Der Begriff der Bildungsarmut wurde 1999 von der Soziologin Jutta Allmendinger geprägt. Noch vor der ersten PISA-Studie wies sie darauf hin, dass die Bildung eine genuin sozialpolitische Bedeutung für Teilhabechancen hat. Bildungsungerechtigkeiten galten also einst als soziales Problem, das einer politischen Lösung bedarf. Mittlerweile ist der politische Konsens darauf beschränkt, dass Leistung belohnt werden muss. Damit einher geht die Zuschreibung, dass Leistungsdefizite und Versagen individuell selbst verursacht sind. Es ist das Paradigma non-egalitärer Politik.
Keine Bildungsgerechtigkeit in Deutschland
Ausgerechnet die OECD, die sich weltweit der wirtschaftlichen Zusammenarbeit und Entwicklung widmet, moniert die deutschen Zustände vehement. Seit 2000 führt die internationale Vergleichsstudie PISA deutlich vor Augen, dass Bildungsgerechtigkeit in Deutschland quasi nicht existiert. Die Kritik trifft auch das ideologische Rüstzeug der jetzigen Regierungskoalition, die sich ihrer Wirtschaftskompetenz zu rühmen nicht müde wird. Ausgerechnet das von ihrer Klientel so geliebte Aussieben in der Schullaufbahn soll unwirtschaftlich sein, ökonomisch schädlich, ein Entwicklungs- und Innovationshemmnis!

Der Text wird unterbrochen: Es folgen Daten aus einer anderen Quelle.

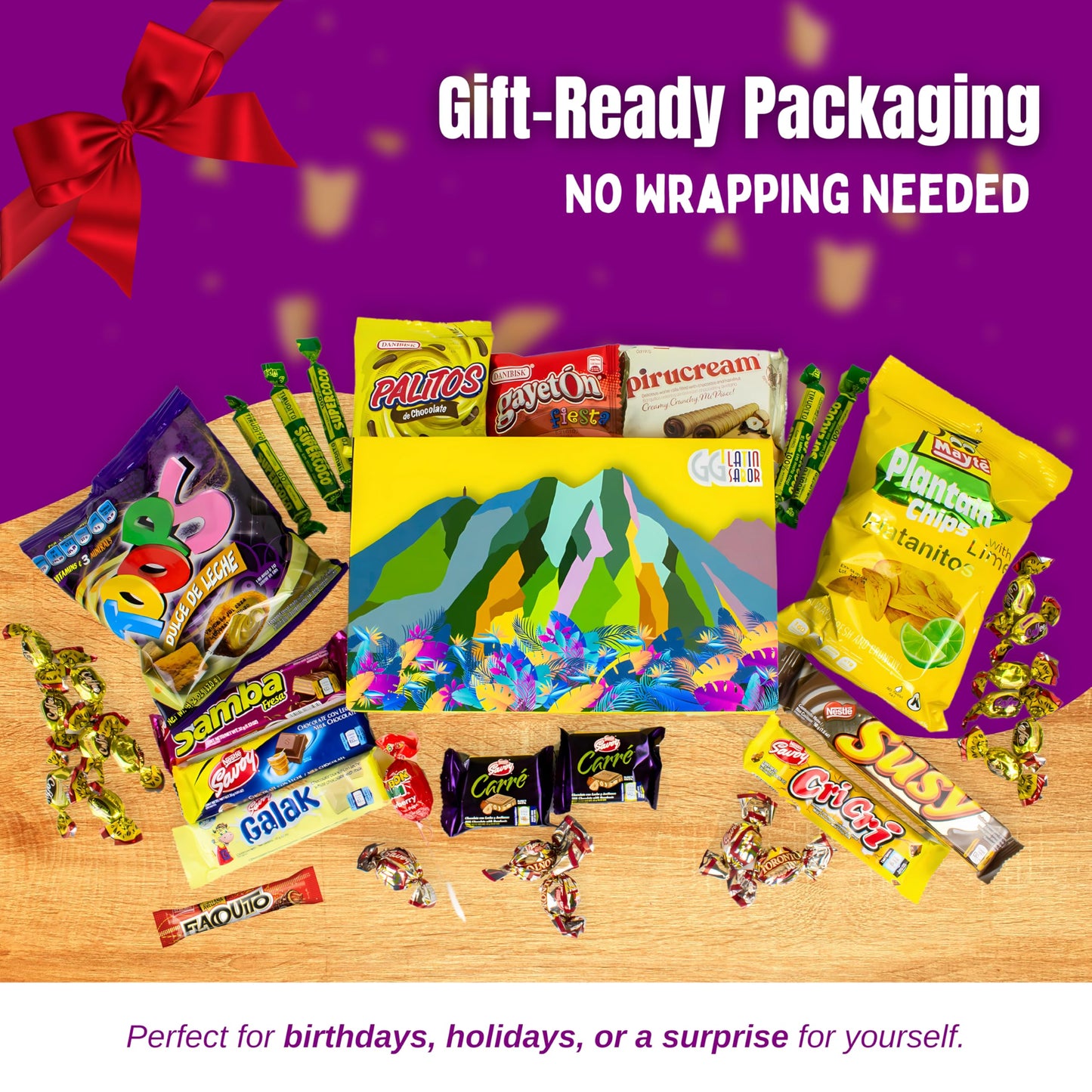 GG LATIN SABOR Venezuela Candy Box - Assorted Cookies, Chips & Candies Mix - 30 Count Variety Pack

Reaktionen gab es zwar auf den PISA-Schock. Schon 2004 sagte die damalige Bundesbildungsministerin Edelgard Bulmahn (SPD): „Wir müssen uns fragen, ob die frühe Auslese von zehnjährigen Kindern der richtige Weg ist.“ Sie war überzeugt, dass mittel- und langfristig die Dreigliedrigkeit des Schulsystems überwunden werden muss. Doch 2005 zog ein neuer Wind in das Bundesministerium für Bildung und Forschung ein. Die erste Regierung Merkel löste Rot-Grün ab. Die kurze Zeit zwischen Bulmahns „Erkenntnis“ und dem Regierungswechsel reichte nicht aus, um eine deutschlandweite Grundwertedebatte in der Bildungspolitik auszulösen.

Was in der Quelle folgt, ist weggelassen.